Handling Ranged Data In Python
2
3
Entering edit mode
12.3 years ago
Abhi ★ 1.6k

Hi Guys

I am wondering if there is something that I could use to handle ranged data in python similar to GenomicRanges/IRanges in R ?

A specific example:

My input data is gene coordinates and chromosomes. For each gene I would like to know the end coordinate of the gene just before it to calculate the intergenic distance.

Thanks! -Abhi

python biopython r • 4.7k views
4
Entering edit mode

There are several python packages and other alternatives mentioned here: http://biostar.stackexchange.com/questions/2245/what-is-the-quickest-algorithm-for-range-overlap

0
Entering edit mode

I remember that package was called 'pygr', but I haven't used it myself.

0
Entering edit mode

I think it would be better if you paste a little portion of your input file on your question.

0
Entering edit mode

Hi Abhi.

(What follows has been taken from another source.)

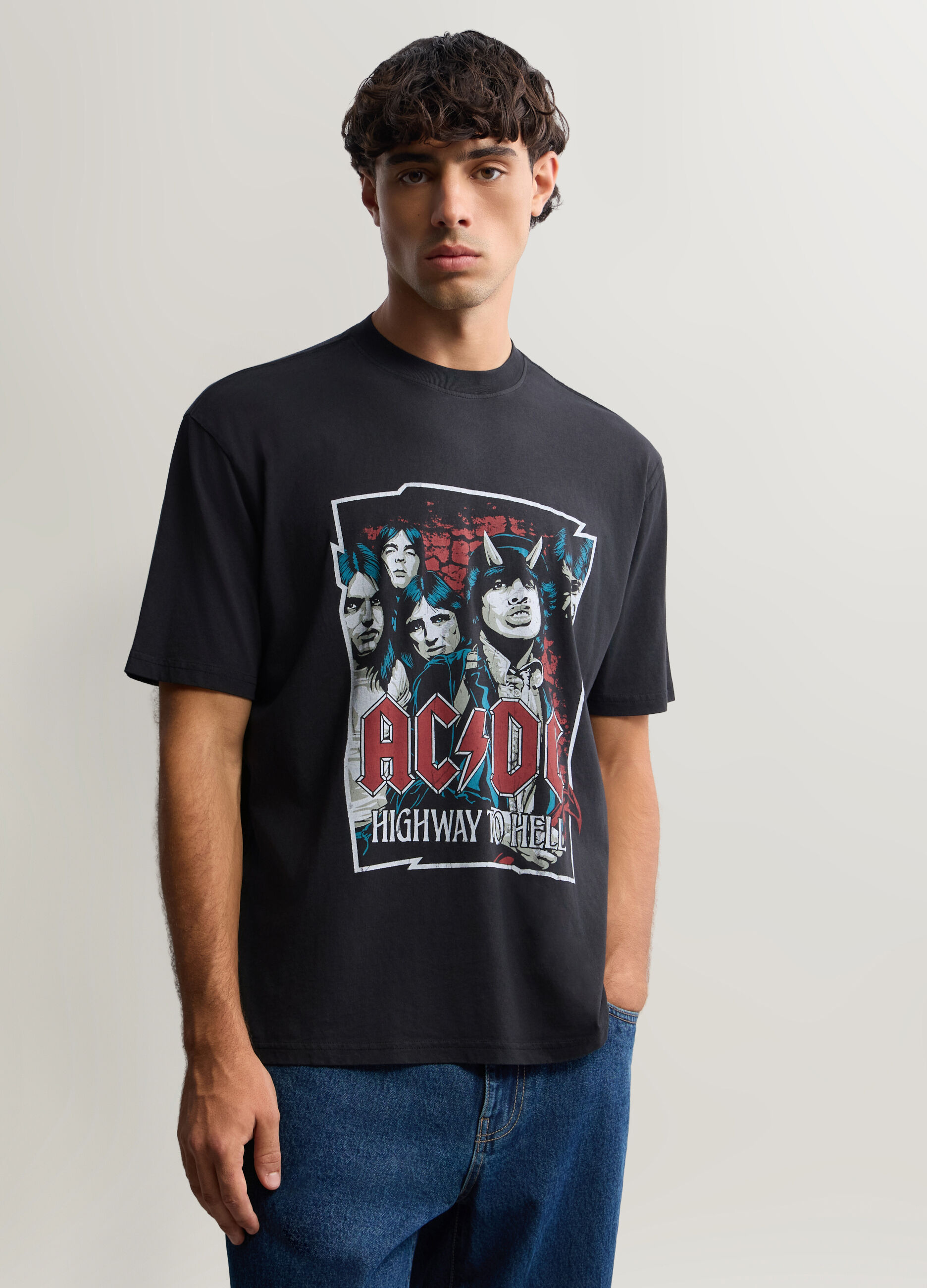 T-shirt girocollo in cotone con stampa AC/DC uomo_0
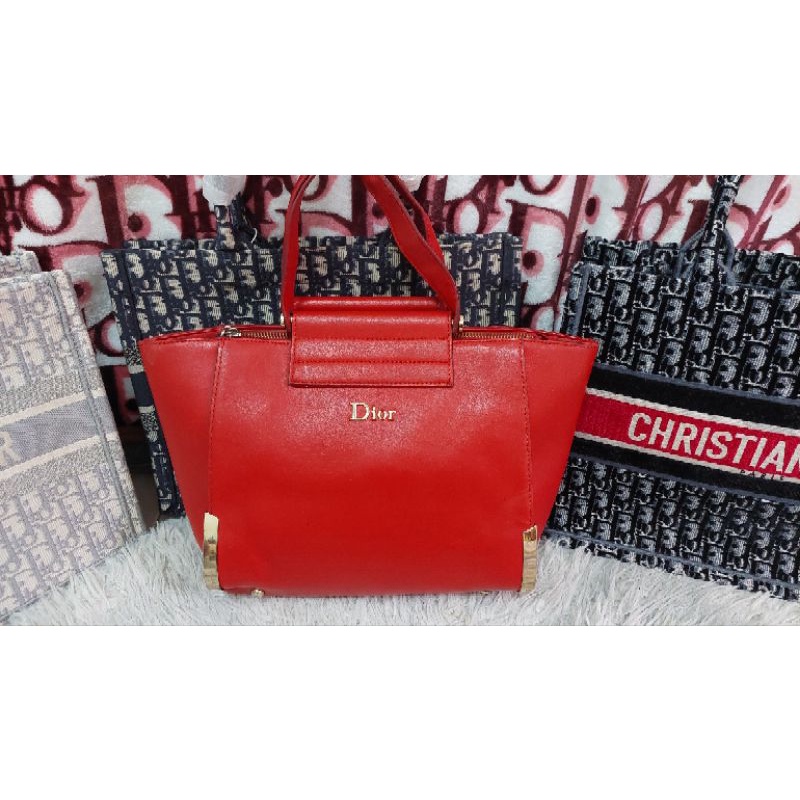 กระเป๋าหนังแท้ Dior สีแดงทรงทำงานมือสอง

Can you post your input file?

4
Entering edit mode
12.2 years ago
Weronika ▴ 300

Michael Dondrup's comment is probably the best solution if you want to do anything complex with ranges, but for the problem stated (intergenic distance calculation), you really only need a few lines of python code:

# I don't know what your data looks like, so I'll start with a list of
#  name,chromosome,start_pos,end_pos tuples
gene_positions = [('geneA', 'chr1', 100,200), ('geneB', 'chr1', 300,400),
('geneC', 'chr1', 401, 450), ('geneD', 'chr2', 100,200)]
# sorting genes by the chromosome and start_position fields so they're in order
gene_positions.sort(key = lambda x: (x[1],x[2]))

intergenic_distances = []

# using zip to get a list of pairs of adjacent genes
for gene1,gene2 in zip(gene_positions, gene_positions[1:]):
(gene1_name,gene1_chr,gene1_start,gene1_end) = gene1
(gene2_name,gene2_chr,gene2_start,gene2_end) = gene2
# only take gene pairs on the same chromosome
if gene1_chr == gene2_chr:
# add the distance and both gene names to intergenic_distance
#  (may need to adjust the distance math depending
#   if the positions are end-inclusive)
intergenic_distances.append((gene2_start - gene1_end,
gene1_name, gene2_name))


I don't know what you want to do with the data afterward, but you get a list of (intergenic_distance, gene1_name, gene2_name) tuples, like this:

for distance,gene1,gene2 in intergenic_distances:
print "Distance between %s and %s is %s"%(gene1,gene2,distance)
# For the example data above, this prints the following:
#  Distance between geneA and geneB is 100
#  Distance between geneB and geneC is 1


Of course, you probably already knew that.

1
Entering edit mode
6.1 years ago
endrebak ▴ 960

You now can: https://github.com/endrebak/pyranges

It is still in pre-alpha, but will be updated by me as I use it all the time.

Edit: in beta now. To my knowledge it is faster and more widely tested than any other alternative.